さらに防具組手により飛沫感染、空気感染を防いでいます。
会員の方々も道場のみならず、
普段の生活においても
感染予防に気をつけてください。
 
 
 
 
 
 

号の内容

 

 ◎デジタル空手武道教本サイトの閲覧にはPWの入力が必要です(一部PWが不要のページもあります)。 IBMA極真会館増田道場の会員には、閲覧用のPWを伝えてあります。もし、忘れた場合は事務局までメールにてお問い合わせください。 ◎デジタル空手武道通信の映像はインターネツトへの接続環境のあるところで閲覧することをお勧めします。
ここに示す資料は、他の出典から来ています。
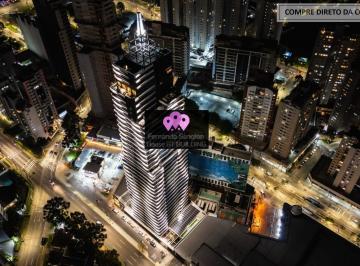 Apartamento · 315m² · 3 Quartos · 4 Vagas · Apartamento Duplex Para Venda Em Curitiba, Bigorrilho, 3 Dormitórios, 3 Suítes, 5 Banheiros, 4 Vagas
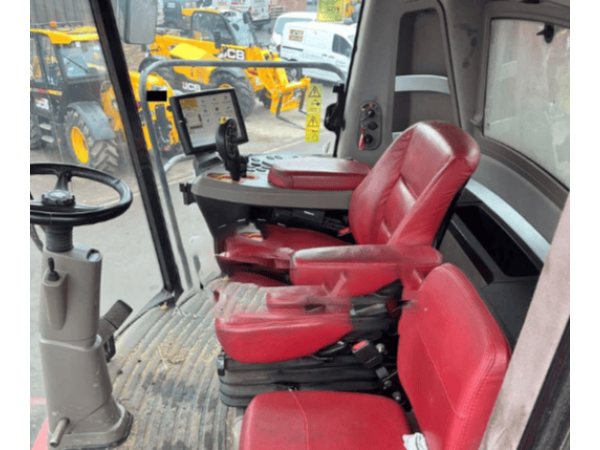 Комбайн Case IH Axial-Flow 8230 (2014)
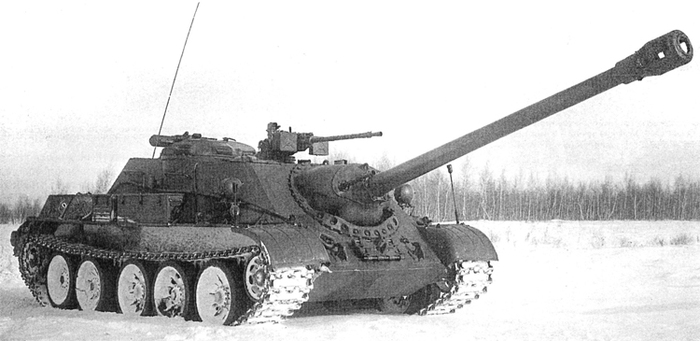 ������� ������� ��� ������� 600� �� ��������� ����������, 1953 ���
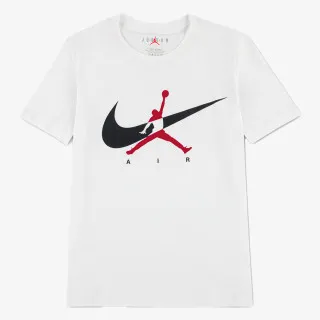 Nike Majica Jordan Jumpman Swoosh 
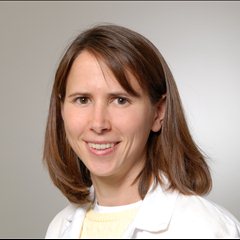 Dr. Rebecca Hill, MD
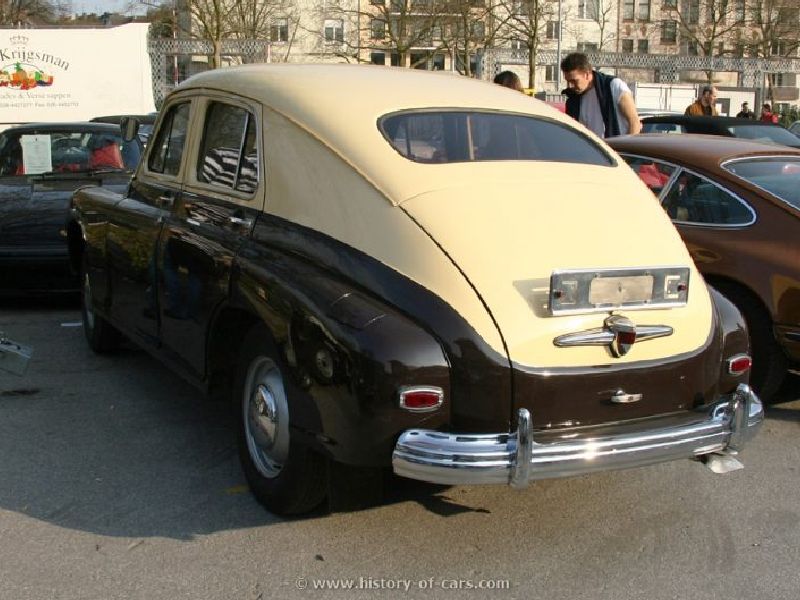 GAZ 22B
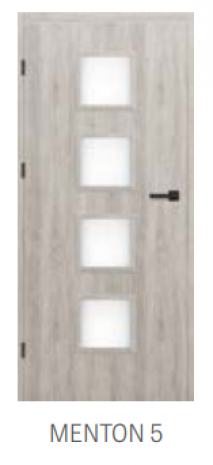 Drzwi Menton 5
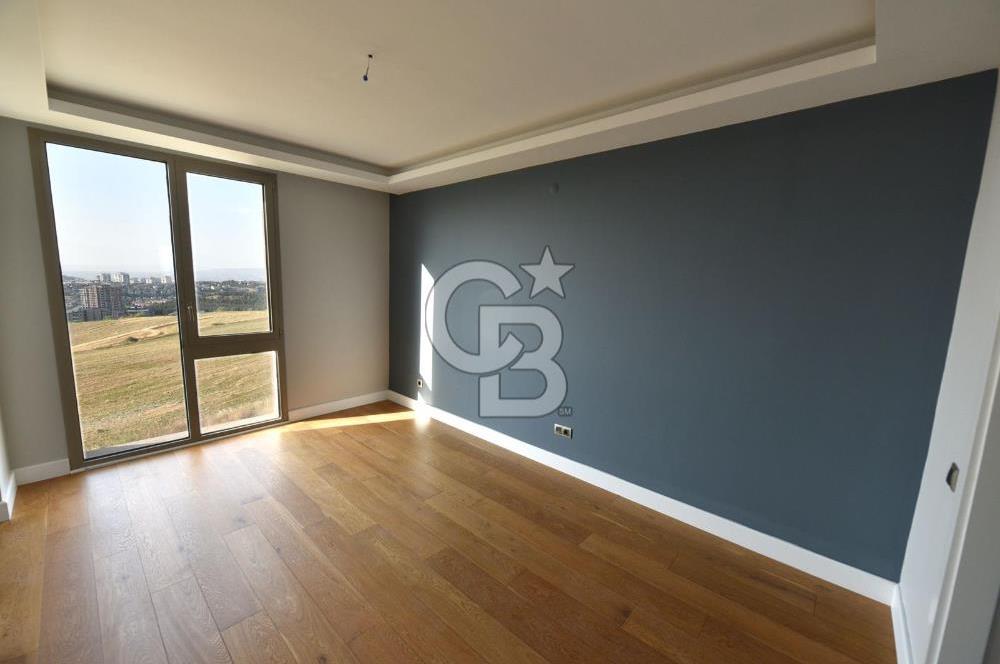 BEYTEPE PRİME HİLL KONUTLARINDA FULL YAPILI TERAS DUBLEKS 4+1 SATILIK DAİRE 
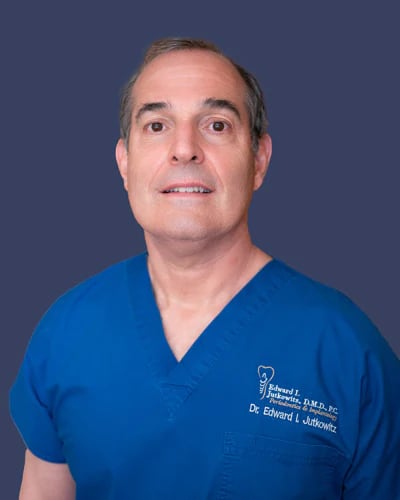 Edward I. Jutkowitz, DMD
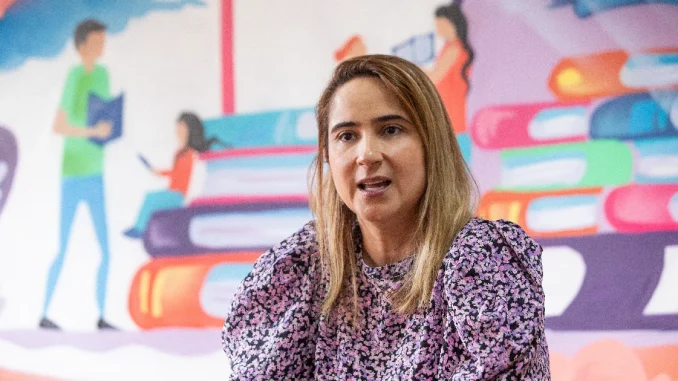 La exsecretaria de educación, Alexandra Agudelo seguirá vinculada a la investigación por irregularidades con la contratación de Buen Comienzo.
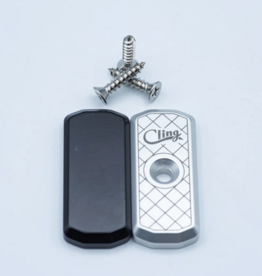 Cling Fishing Products Cling Net Rack -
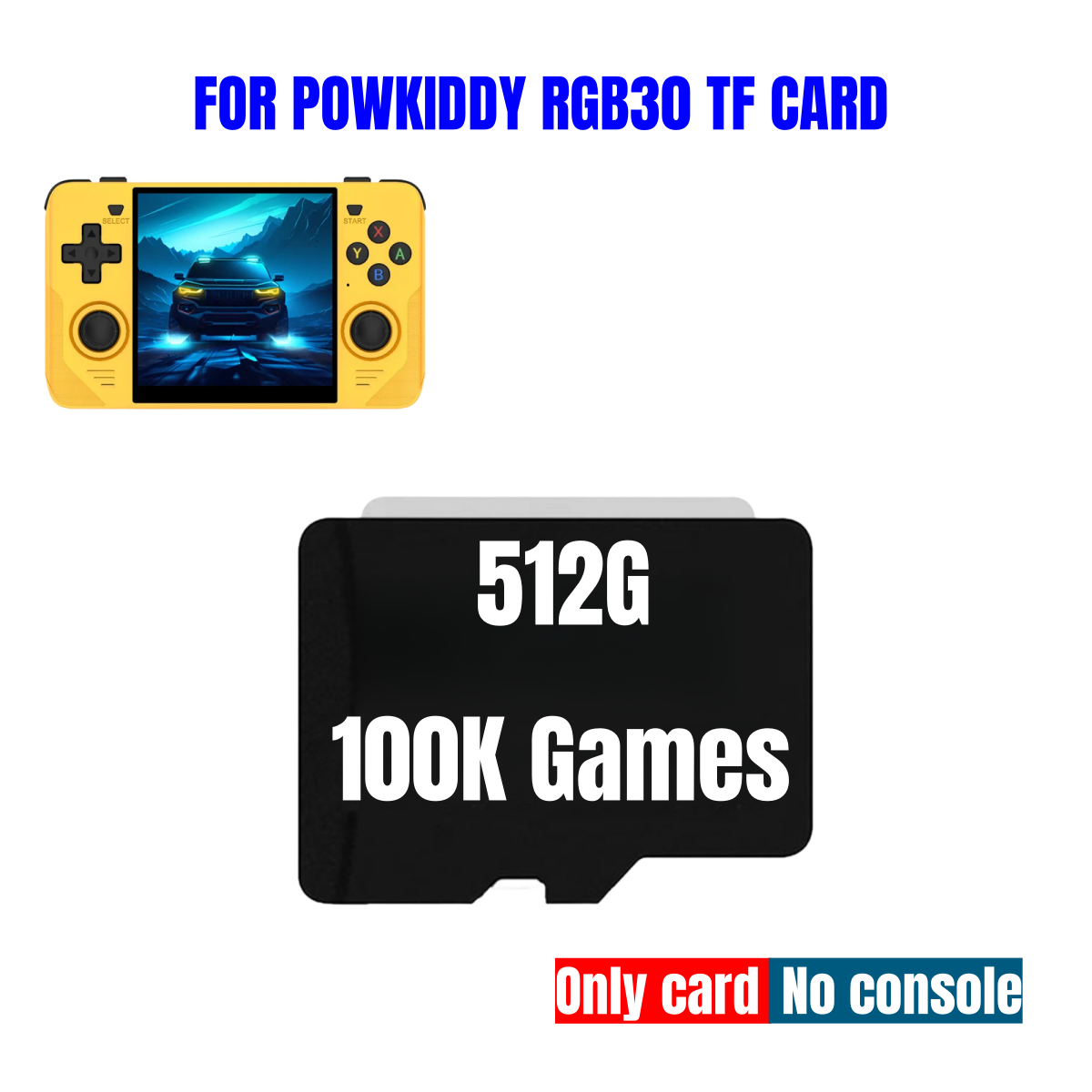 Powkiddy 레트로 핸드헬드 게임 콘솔, 게임 프리 - Gaming Console X55 리뷰 및 가격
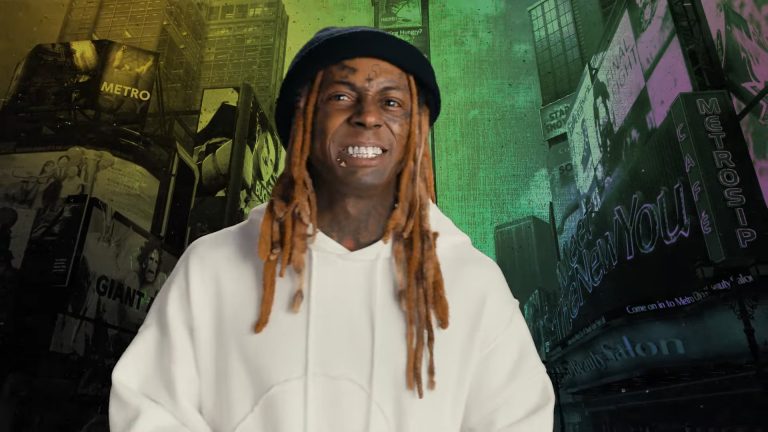 Street Fighter 6 showcase Lil Wayne host 4/20 420 April 20, 2023 6:00 p.m. ET 3:00 p.m. PT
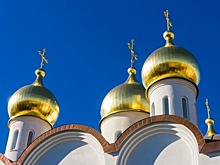 Храм на Большой Академической предлагает посетить святые места Сергиева Посада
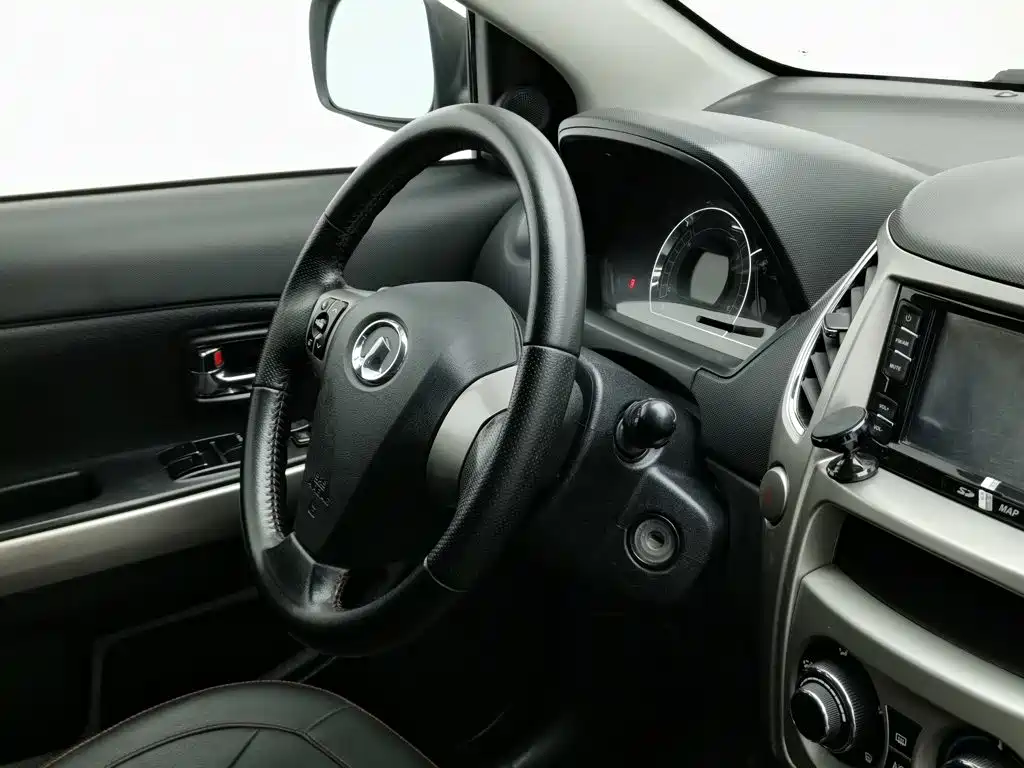 Great Wall M4 2014 2012 1.5L Manual Luxury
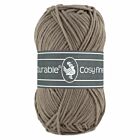Durable Cosy Fine - 343 warm taupe - Katoen/Acryl Garen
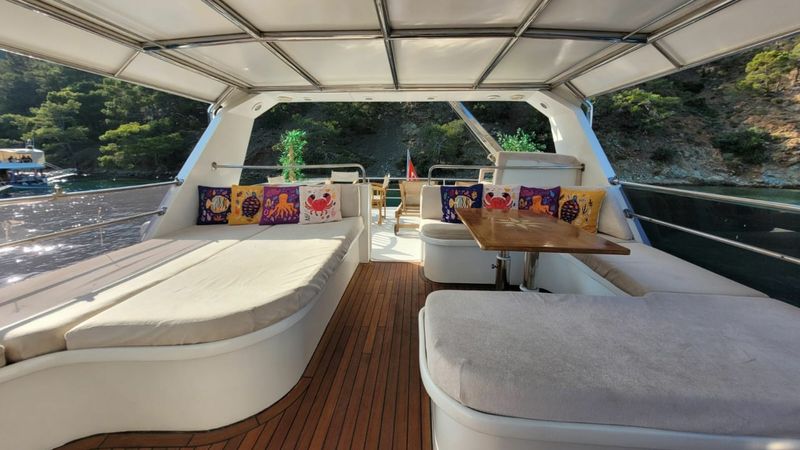 Canados 70 Fly | Maitresse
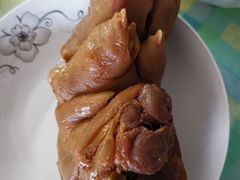 -烂瓦罐刘家猪蹄坊(药王洞店)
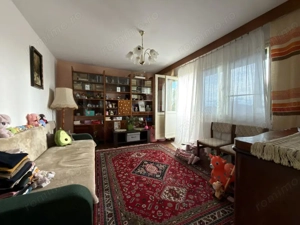 Apartament 4 Camere, 78 mp, etaj 3 - zona Circumvalatiunii - imagine 3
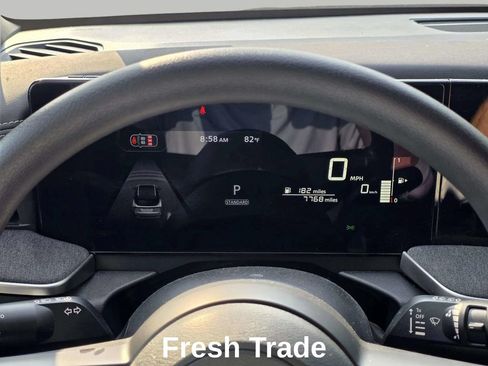 Used 2026 Nissan Kicks SV w/ Cold Weather Package AWD/4WD image 13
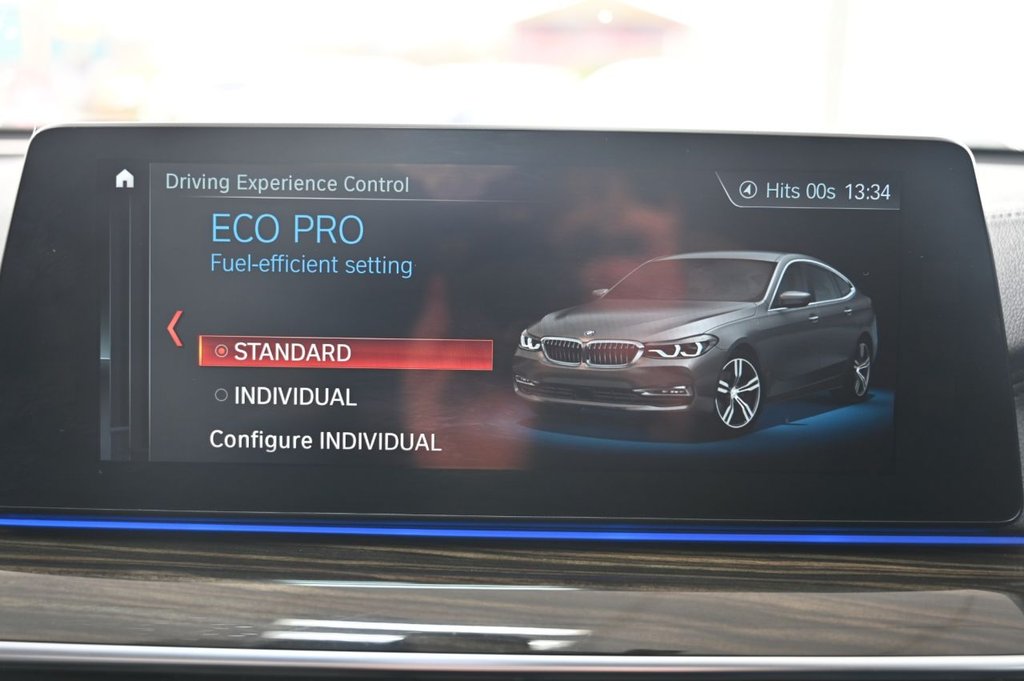 Used BMW 6 Series 2018 for sale - 77394364: Photo 23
  • 巻頭コラム:自己の人生をより有意義なものとするため
  • 動画〜組手修錬会の模様(2022年3月20日)
  • 編集後記 第59号

◎1月中旬にデジタル空手武道教本のPWが変更になりました。

 

イベント案内

  • 4月17日:修練会
  • 5月3日:セミナー(伝統型/組手)
  • 5月22日:有段者稽古
  • 5月29日:第14回月例試合
  • 6月5日:昇段講習
  • 6月12日:昇級審査
  • 6月26日:昇段審査

有段者・指導員の方々へ

 コロナパンデミックの中、指導員の皆さんとは会う機会が減りました。その代わり、デジタルサイトの内容を充実させています。同時に空手武道理論と修練方法が、大幅に刷新することができました。あとは、それを伝えるだけであと思っています。教本もまだまだ完成には至っていませんが。それは完成形が途方もなく詳細、かつ深く、膨大だからです。変な例えですが、スペインのサグラダ・ファミリアのようなものです。  

  まずは、拓心武術の組手法を理解してください。厳しいようですが、みなさん、まだまだ極真会館増田道場が目指す武道レベルには達していません。まず、基本組手技の習得レベルが低いです。その意味は身体の使い方ができていないということです。おそらく稽古量が足りないのでしょう。また、拓心武術には明確な理念(哲学)、そして目的、目標があります。その内容を示した電子書籍を近日中に発刊します。それを読めば、増田が何を考え何を目指しているかが理解できると思います。書籍のタイトルは「拓心武道論〜道心を求めて』の予定です。  依然としてコロナ等の問題がありますが、デジタル空手武道教本で自習できるようにしていきます。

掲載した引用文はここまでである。